[Items from a dataset]

- Opening Delimiter -

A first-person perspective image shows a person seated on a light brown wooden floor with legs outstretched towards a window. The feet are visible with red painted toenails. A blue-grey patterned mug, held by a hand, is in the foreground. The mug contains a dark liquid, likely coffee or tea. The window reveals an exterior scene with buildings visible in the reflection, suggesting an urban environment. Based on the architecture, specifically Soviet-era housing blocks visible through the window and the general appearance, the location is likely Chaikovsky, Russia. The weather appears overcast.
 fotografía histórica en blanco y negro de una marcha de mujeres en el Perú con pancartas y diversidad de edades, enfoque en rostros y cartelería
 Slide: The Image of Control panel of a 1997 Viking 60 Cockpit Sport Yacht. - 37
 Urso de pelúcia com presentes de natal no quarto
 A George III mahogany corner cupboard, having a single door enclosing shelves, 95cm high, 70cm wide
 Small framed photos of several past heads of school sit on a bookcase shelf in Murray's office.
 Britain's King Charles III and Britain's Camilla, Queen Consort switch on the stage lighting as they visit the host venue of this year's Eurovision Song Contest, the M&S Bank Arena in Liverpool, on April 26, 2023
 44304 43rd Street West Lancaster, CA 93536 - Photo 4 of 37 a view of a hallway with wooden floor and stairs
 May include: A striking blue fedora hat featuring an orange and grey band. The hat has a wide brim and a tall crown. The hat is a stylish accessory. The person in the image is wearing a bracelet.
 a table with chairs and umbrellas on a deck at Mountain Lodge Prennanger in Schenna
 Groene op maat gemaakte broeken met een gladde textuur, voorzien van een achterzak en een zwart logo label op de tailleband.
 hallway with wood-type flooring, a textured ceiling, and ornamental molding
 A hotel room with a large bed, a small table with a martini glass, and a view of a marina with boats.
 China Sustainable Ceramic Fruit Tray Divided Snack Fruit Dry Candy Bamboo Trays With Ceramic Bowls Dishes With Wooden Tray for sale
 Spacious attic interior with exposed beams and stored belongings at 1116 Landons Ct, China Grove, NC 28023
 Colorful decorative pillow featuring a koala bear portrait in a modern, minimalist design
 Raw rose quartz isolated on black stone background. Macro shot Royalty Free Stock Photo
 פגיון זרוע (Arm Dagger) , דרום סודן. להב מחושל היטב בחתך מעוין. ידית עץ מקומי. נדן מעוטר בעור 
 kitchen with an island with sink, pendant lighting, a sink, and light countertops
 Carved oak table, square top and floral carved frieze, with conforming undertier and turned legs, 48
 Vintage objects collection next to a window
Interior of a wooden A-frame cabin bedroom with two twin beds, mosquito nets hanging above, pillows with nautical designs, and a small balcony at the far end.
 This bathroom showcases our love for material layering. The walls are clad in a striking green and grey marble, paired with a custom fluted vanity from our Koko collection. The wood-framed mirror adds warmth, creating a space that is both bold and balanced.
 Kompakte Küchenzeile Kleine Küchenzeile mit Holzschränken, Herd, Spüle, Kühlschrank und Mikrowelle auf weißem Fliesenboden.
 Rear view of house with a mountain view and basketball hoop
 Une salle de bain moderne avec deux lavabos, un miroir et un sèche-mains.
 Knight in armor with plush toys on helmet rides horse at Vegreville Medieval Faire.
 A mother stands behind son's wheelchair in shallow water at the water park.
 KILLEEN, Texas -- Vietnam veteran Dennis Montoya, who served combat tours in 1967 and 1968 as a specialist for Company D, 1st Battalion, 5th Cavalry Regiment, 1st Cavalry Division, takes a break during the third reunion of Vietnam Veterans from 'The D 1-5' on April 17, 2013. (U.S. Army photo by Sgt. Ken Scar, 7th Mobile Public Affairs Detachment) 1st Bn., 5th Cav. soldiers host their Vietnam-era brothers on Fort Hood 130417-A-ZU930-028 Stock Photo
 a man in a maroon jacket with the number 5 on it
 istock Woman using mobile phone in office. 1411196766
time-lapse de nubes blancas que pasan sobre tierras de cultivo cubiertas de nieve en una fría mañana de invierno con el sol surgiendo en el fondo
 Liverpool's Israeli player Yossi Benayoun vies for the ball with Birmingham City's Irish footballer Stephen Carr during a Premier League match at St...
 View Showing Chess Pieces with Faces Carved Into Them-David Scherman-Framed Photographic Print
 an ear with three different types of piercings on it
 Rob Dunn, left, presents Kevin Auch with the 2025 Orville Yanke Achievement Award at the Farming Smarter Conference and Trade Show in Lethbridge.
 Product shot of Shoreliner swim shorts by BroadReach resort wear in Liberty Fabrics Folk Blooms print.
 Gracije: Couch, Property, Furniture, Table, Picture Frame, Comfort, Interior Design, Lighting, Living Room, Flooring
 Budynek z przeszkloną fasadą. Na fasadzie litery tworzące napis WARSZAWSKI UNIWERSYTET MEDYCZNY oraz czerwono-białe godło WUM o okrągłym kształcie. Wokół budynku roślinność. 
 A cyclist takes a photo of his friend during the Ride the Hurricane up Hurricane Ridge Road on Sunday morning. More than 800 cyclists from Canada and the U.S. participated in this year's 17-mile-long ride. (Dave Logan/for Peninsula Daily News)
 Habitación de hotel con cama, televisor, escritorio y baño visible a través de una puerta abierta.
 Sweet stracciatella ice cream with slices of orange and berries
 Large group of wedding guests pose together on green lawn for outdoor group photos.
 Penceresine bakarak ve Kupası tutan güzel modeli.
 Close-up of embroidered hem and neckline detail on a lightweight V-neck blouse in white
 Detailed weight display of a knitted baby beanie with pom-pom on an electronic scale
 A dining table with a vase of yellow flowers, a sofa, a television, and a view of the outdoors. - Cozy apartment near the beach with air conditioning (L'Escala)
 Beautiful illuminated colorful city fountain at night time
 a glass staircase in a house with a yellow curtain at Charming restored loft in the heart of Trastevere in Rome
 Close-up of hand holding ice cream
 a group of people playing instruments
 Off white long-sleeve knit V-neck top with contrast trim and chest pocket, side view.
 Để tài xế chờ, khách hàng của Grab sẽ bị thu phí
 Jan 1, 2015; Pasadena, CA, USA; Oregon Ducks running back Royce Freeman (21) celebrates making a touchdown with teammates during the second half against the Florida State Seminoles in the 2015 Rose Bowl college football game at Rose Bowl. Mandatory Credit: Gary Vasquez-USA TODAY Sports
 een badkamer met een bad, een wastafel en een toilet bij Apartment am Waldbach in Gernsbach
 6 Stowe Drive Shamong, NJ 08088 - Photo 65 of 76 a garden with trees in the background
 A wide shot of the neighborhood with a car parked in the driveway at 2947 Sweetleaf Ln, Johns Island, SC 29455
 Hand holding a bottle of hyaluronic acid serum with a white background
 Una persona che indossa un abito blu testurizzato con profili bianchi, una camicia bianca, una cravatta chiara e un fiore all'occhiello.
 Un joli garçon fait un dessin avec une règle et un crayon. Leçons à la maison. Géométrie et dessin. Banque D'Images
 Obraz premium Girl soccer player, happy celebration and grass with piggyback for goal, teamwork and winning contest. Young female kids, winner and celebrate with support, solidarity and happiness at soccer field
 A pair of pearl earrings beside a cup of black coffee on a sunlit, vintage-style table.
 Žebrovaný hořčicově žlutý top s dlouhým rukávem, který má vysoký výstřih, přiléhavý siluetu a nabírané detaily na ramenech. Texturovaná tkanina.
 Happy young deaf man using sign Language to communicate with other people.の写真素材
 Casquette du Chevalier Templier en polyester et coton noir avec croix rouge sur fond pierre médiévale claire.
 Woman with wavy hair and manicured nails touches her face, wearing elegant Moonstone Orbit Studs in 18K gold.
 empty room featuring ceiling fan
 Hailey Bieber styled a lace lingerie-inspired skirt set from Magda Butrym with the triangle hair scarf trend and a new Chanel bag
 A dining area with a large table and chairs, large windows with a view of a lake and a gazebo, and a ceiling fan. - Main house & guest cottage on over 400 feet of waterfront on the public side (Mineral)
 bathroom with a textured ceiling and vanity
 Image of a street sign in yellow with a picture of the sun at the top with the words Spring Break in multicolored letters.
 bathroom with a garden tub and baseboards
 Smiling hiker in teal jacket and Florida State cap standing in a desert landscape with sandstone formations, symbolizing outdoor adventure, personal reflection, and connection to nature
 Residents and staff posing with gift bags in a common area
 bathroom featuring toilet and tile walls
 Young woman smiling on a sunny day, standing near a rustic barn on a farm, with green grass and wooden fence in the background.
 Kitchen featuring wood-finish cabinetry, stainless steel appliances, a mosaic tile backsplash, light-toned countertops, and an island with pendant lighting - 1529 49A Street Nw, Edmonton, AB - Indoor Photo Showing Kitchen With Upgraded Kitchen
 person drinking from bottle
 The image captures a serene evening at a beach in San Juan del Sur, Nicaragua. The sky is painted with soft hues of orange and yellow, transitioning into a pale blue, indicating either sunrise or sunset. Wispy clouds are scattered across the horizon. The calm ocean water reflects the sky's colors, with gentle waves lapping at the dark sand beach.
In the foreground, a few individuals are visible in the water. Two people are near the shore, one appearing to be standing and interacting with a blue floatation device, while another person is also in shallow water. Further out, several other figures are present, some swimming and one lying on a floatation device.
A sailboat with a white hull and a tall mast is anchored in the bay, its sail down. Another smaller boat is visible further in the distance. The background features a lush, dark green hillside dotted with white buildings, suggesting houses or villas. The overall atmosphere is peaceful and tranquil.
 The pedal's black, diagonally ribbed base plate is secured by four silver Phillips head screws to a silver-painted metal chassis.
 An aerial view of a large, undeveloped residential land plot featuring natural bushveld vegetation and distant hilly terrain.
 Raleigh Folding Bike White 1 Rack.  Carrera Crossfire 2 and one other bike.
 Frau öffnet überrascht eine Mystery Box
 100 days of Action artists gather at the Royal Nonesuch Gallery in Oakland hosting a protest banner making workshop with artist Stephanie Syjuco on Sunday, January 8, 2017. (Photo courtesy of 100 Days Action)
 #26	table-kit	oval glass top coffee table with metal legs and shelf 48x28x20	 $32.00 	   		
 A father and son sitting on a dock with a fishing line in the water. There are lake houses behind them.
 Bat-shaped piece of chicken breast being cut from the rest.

- Closing Delimiter -

**Work instruction**
Would you retype the lines above from the one with "Young woman smiling" down to the one with "Frau öffnet überrascht eine Mystery Box", word for word, both ends included and no other lines?

**Solution for this exercise**
 Young woman smiling on a sunny day, standing near a rustic barn on a farm, with green grass and wooden fence in the background.
 Kitchen featuring wood-finish cabinetry, stainless steel appliances, a mosaic tile backsplash, light-toned countertops, and an island with pendant lighting - 1529 49A Street Nw, Edmonton, AB - Indoor Photo Showing Kitchen With Upgraded Kitchen
 person drinking from bottle
 The image captures a serene evening at a beach in San Juan del Sur, Nicaragua. The sky is painted with soft hues of orange and yellow, transitioning into a pale blue, indicating either sunrise or sunset. Wispy clouds are scattered across the horizon. The calm ocean water reflects the sky's colors, with gentle waves lapping at the dark sand beach.
In the foreground, a few individuals are visible in the water. Two people are near the shore, one appearing to be standing and interacting with a blue floatation device, while another person is also in shallow water. Further out, several other figures are present, some swimming and one lying on a floatation device.
A sailboat with a white hull and a tall mast is anchored in the bay, its sail down. Another smaller boat is visible further in the distance. The background features a lush, dark green hillside dotted with white buildings, suggesting houses or villas. The overall atmosphere is peaceful and tranquil.
 The pedal's black, diagonally ribbed base plate is secured by four silver Phillips head screws to a silver-painted metal chassis.
 An aerial view of a large, undeveloped residential land plot featuring natural bushveld vegetation and distant hilly terrain.
 Raleigh Folding Bike White 1 Rack.  Carrera Crossfire 2 and one other bike.
 Frau öffnet überrascht eine Mystery Box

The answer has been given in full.